— Supplied entries —
- - -

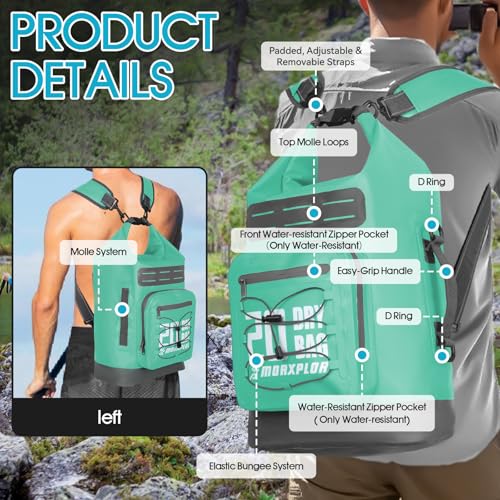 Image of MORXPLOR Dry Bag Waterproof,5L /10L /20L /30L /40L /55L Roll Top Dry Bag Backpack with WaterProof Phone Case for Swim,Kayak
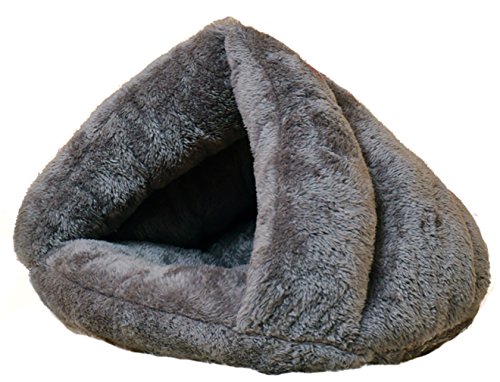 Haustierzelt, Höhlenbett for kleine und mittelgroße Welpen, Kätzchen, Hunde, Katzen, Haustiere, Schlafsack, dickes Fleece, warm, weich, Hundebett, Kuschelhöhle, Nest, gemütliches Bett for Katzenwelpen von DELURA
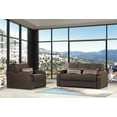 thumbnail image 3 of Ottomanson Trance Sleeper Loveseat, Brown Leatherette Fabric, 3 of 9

- - -

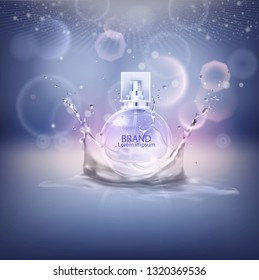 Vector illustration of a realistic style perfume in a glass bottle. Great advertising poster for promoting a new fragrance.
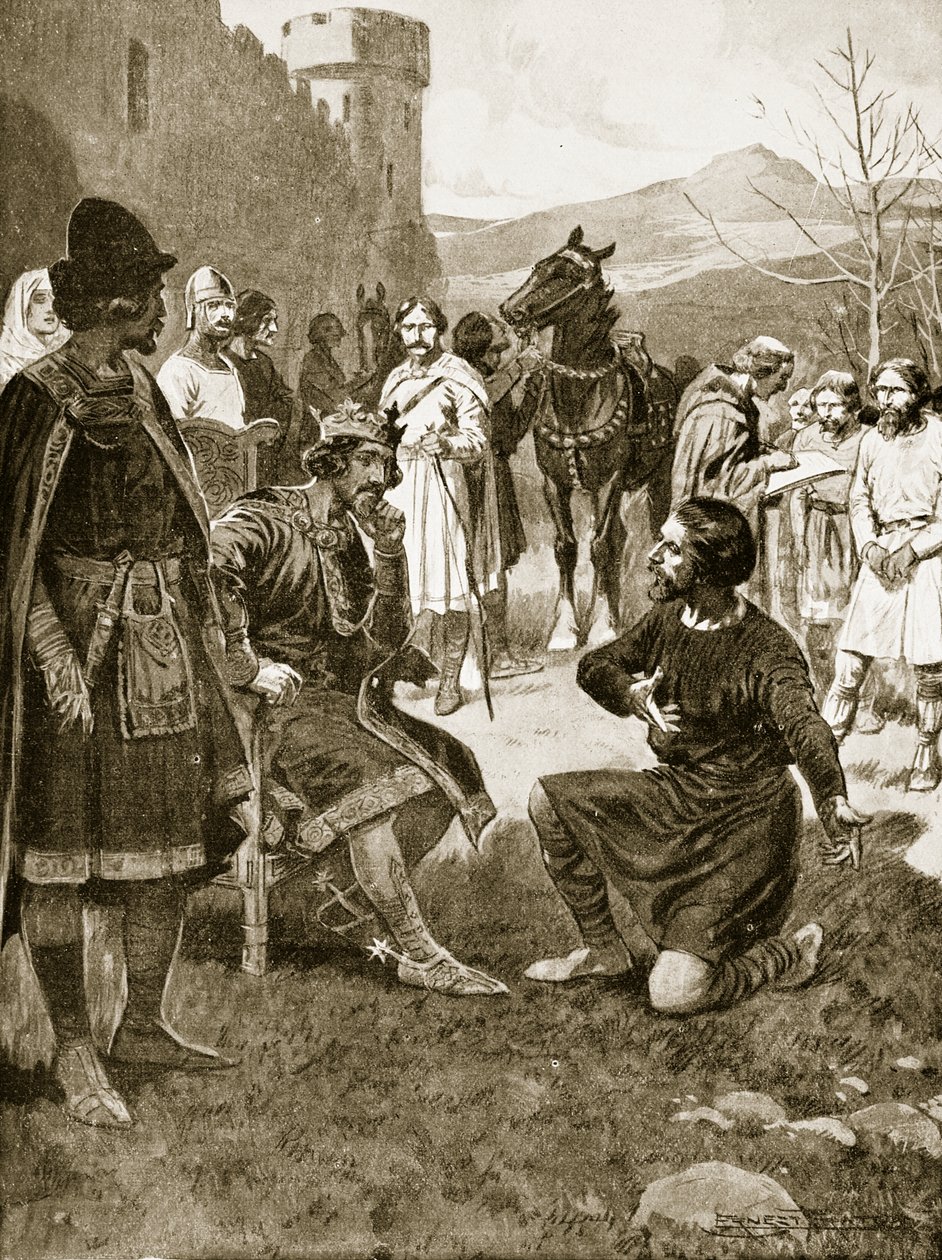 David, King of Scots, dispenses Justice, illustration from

- - -

— Problem to work on —
Return exactly the lines of the material above, starting at the line containing "Haustierzelt, Höhlenbett for" and finishing at the line containing "thumbnail image 3", without any pictures.

— Result —
 Haustierzelt, Höhlenbett for kleine und mittelgroße Welpen, Kätzchen, Hunde, Katzen, Haustiere, Schlafsack, dickes Fleece, warm, weich, Hundebett, Kuschelhöhle, Nest, gemütliches Bett for Katzenwelpen von DELURA
 thumbnail image 3 of Ottomanson Trance Sleeper Loveseat, Brown Leatherette Fabric, 3 of 9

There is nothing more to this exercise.